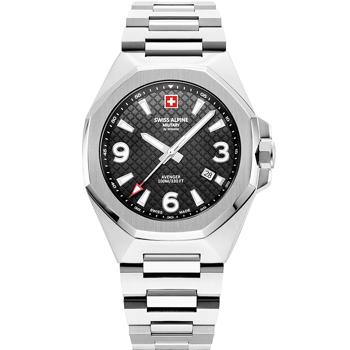 Swiss Alpine Military Typhoon Stål quartz herre ur, model 7005.1137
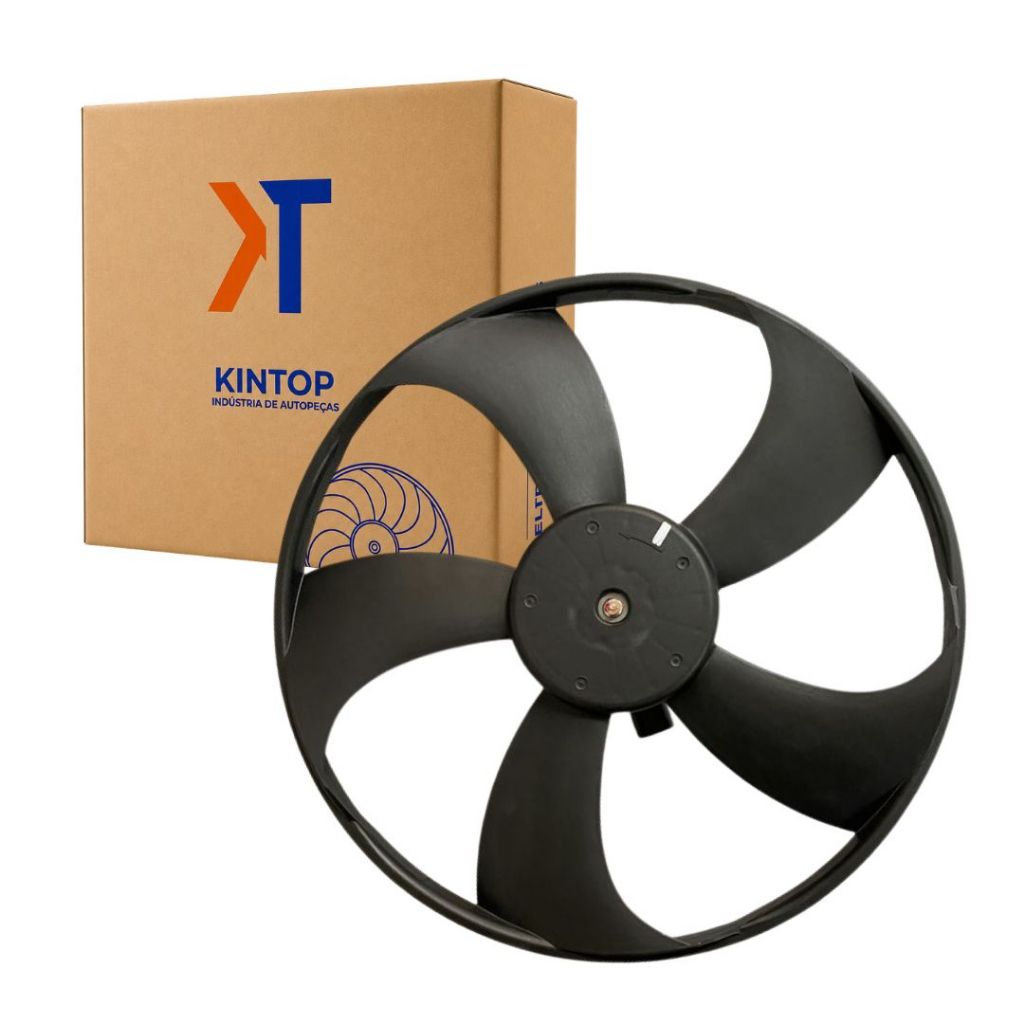 Ventoinha Radiador Eletroventilador 5 Pás 12v Para Corolla 1.8 2.0 2008 a 2014 Kintop 163610D240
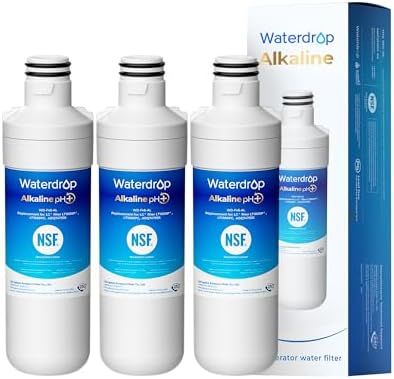 Waterdrop Alkaline LT1000PC ADQ747935 Refrigerator Water Filter, 3 Pack by Waterdrop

**Assignment**
This task calls for an exact copy of the data above, without pictures.

**Solution to this problem**
 Swiss Alpine Military Typhoon Stål quartz herre ur, model 7005.1137
 Ventoinha Radiador Eletroventilador 5 Pás 12v Para Corolla 1.8 2.0 2008 a 2014 Kintop 163610D240
 Waterdrop Alkaline LT1000PC ADQ747935 Refrigerator Water Filter, 3 Pack by Waterdrop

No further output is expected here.